The case would be different if the City’s liability were not derivative from that of Coluccio — as, for example, in the case of Smith v. Welch, 596 S.W.2d 84 (Mo.App.1980), cited by appellants, where the liability of one of three defendants was based upon his alleged independent acts. The failure of the jury to bring in a verdict disposing of the claim against him was held to require a remand of the case for a new trial as to him.
Appellants also claim the court erred in admitting certain testimony of witnesses Frank Coluccio, David Baker, O.K. Clark and David Snider on the ground that they had not been disclosed as expert witnesses in answer to an interrogatory of plaintiffs, citing Manahan v. Watson, 655 S.W.2d 807 (Mo.App.1983), and Stephens v. Kansas City Gas Company, 354 Mo. 835, 191 S.W.2d 601 (1946). Witness Coluccio was the owner, and Baker and Clark were employees of Frank Coluccio Construction Company, who had actually participated in the construction work. Their testimony was given in defense of plaintiffs’ claim that Coluccio trespassed outside the bounds of the easement, compacted the ground, did not replace the topsoil, threw beer cans on the property, and created a temporary nuisance. The plaintiffs’ evidence in chief had included the testimony of Dr. Harry James, who testified that the soil on the plaintiffs’ farm was compacted due to heavy machines; that the soil was disturbed due to the heavy machinery; and that Coluccio did not follow the specifications of the project.
The objected-to testimony of Coluccio, Baker and Clark was that pads, upon which the backhoe rested during the construction work, were used to keep the machine from sinking into the ground; that Coluccio followed the plans and specifications in the construction work; and that the use of the backhoe was necessary in the construction project.
These were not “expert witnesses” in the sense that they were engaged by a party in anticipation of litigation to testify to scientific or technical matters. They were observers and participants in the events and transactions of the case. If some of their testimony incidentally called upon their learning and experience for conclusions and opinions, and could in that sense be called “expert testimony,” that does not make them “expert witnesses” within the meaning of Rule 56.01(b)(4). See Krug v. United Disposal, Inc., 567 S.W.2d 133, 135-36 (Mo.App.1978); Missouri Public Service Company v. Allied Manufacturers, Inc., 574 S.W.2d 509, 511-12 (Mo.App.1978) (dictum).

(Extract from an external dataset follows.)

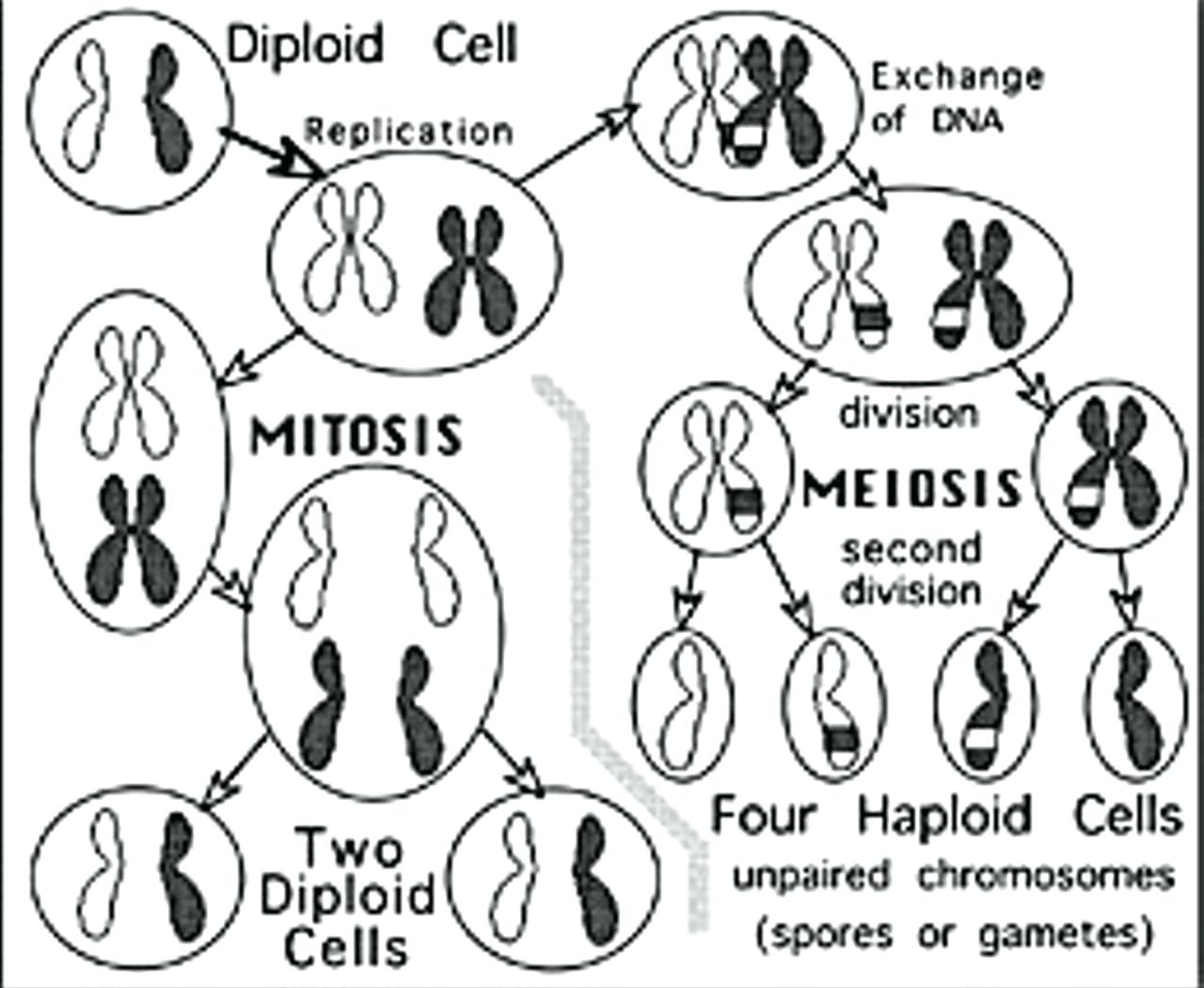 mitosis vs meiosis flip book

Plaintiffs were not unfairly surprised or disadvantaged by their testimony. The trial court was well within its discretion in overruling the plaintiffs’ objections to the testimony. '
David Snider, director of public works involved in the construction work, was called as a witness by the City. His objected-to testimony related to facts which had no bearing upon the issues in plaintiffs’ claim against the City and Coluccio and could in no way have prejudiced them in their claims against the City and Coluccio.
Accordingly, the judgment for damages in favor of plaintiffs against the City is reversed and the cause is remanded with direction to enter judgment for defendant *21City of Springfield; the judgment against plaintiffs on their temporary nuisance claim against the City and defendant Coluc-cio is affirmed.
BLACKMAR, DONNELLY, WELLIVER and ROBERTSON, JJ., concur.
RENDLEN, J., dissents in separate opinion filed.
BILLINGS, C.J., dissents and concurs in separate dissenting opinion of RENDLEN, J.